# Brinkmann Smoke N' Grill



## lucc (Jun 4, 2009)

So, I joined this site to master the Brinkmann Smoke N' Grill I have. I got it last year as a 5 year anniv gift at work. I seasoned it and used it once last year. First time I used it I used Matchlight charcoal and screwed everything up.
	

	
	
		
		



		
			






 Didn't read all instructions until half way through, meat was a waste. 
	

	
	
		
		



		
		
	


	




So this season I'm going to master this little smoker. Anyone have this model, any tips/tricks you give would be appreciated.


----------



## bbrock (Jun 4, 2009)

I do not have that kind. How ever I have a Brinkman Smoke N Pit. I can tell you there are all kinds of good people here that will help you out. They have done so for me. Welcome to SMF.. You will like this site and the people as well.


----------



## bigsteve (Jun 5, 2009)

Sorry I didn't see your post sooner.  Start with this link.  It's for a slightly different model then you have, but it should help quite a bit.

The lid on your brinkman is made to have gaps so that the heat and smoke fill the lid and cook your meat evenly, the smoke exits out the gap where the lid sets down.  The link below talks about adding a vent on your dome, but I wouldn't do that.  Of course, your smoker, your call.

http://www.randyq.addr.com/ecb/ecbmods.html

Ask away with any questions.  Lots of Brinkman users here.


----------



## tasunkawitko (Jun 6, 2009)

hey, lucc - my buddy big steve beat me to it  i was just about to recommend the randyq mods. i have a brinkmann that is like yours except a little bigger and taller (looks like an R2D2) and these mods helped in so many ways i can't describe them all.

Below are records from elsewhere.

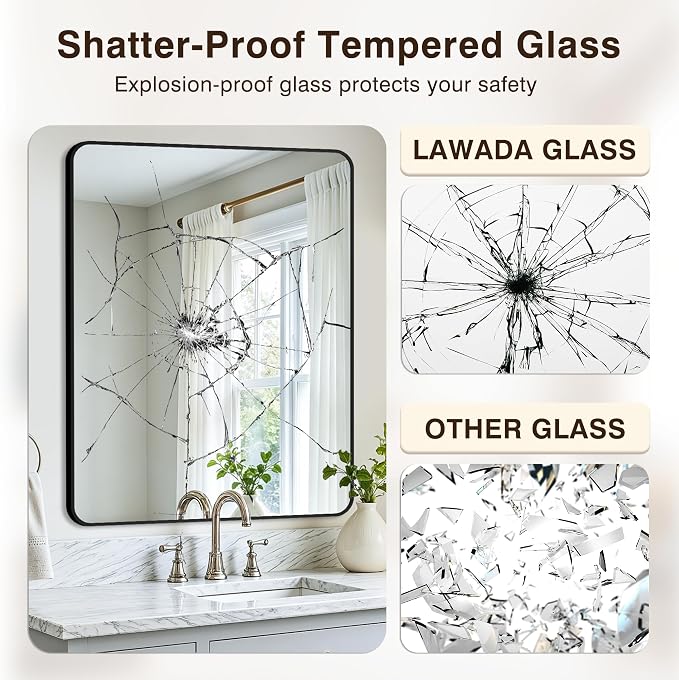 Vanity Bathroom Mirror, 40”x30” Black Bathroom Mirror for Over Sink | HD Tempered Glass, Anti-Rust Frame, Vertical or Horizontal, Wall Mirrors for Bathroom Sink, Living Room, Entryway, Bedroom
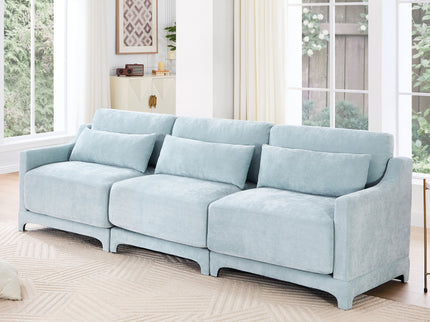 Elegant Sofa With Ergonomic Design And Lumbar Pillows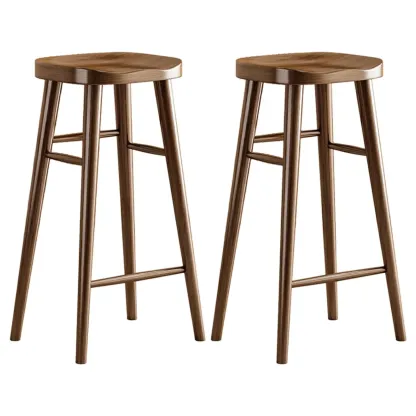 Modern Pine Wood Bar Set with Upholstered Chairs Image - 15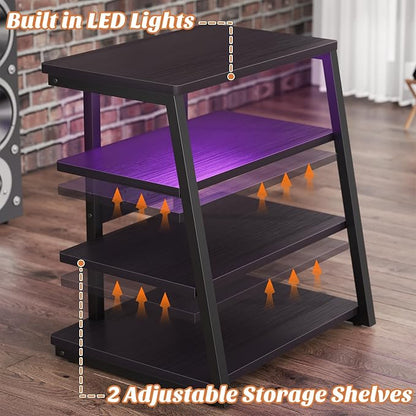Besiost AV Media Stand with Outlets, Media Console with LED Lights, Stereo Racks and Stands with Storage Shelves, Media Audio Tower Cabinet, Black Enoby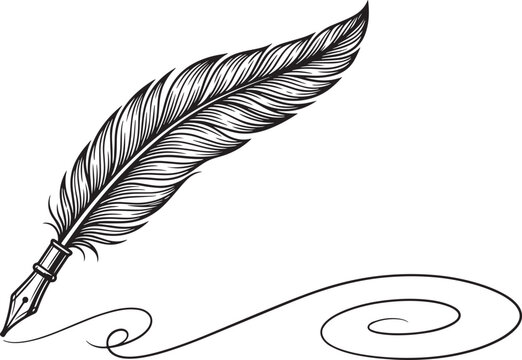 Vintage feather quill pen sketching a black ink swirl line on white background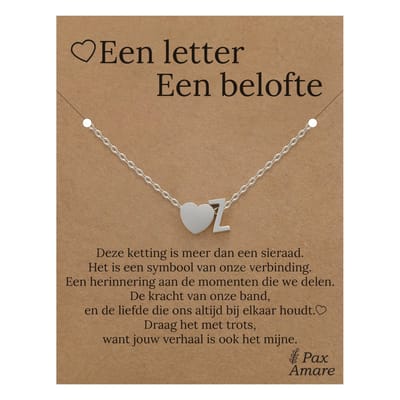 Letter Z ketting op Cadeau Kaartje - Een letter, een belofte - 45cm Zilverkleurig Stainless Steel - Initiaal & Hartje Hanger - Pax Amare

give that a read and then let us know if you have any quesitons. the mods are probably 10 or 15$ worth but will make very worthwhile improvements and you will certainly taste the difference!


----------



## lucc (Jun 9, 2009)

That's friggin' awesome, there is no access to the charcoal pan in my, no pun intended, little unit. Need more charcoal, just lift up the main body of the smoker by the handles, throw a couple more briquettes on and put smoker back over the pan.


----------



## billbo (Jun 10, 2009)

What he said! Do these relatively simple mods and you will be much better off.


----------



## straatshootr (Dec 3, 2011)




----------



## straatshootr (Dec 3, 2011)




----------



## straatshootr (Dec 3, 2011)




----------



## straatshootr (Dec 3, 2011)




----------



## straatshootr (Dec 3, 2011)




----------



## straatshootr (Dec 3, 2011)




----------



## straatshootr (Dec 4, 2011)

sorry for the above double pics.  i couldn't see which ones i had actually posted because it said my posts were being held for review. 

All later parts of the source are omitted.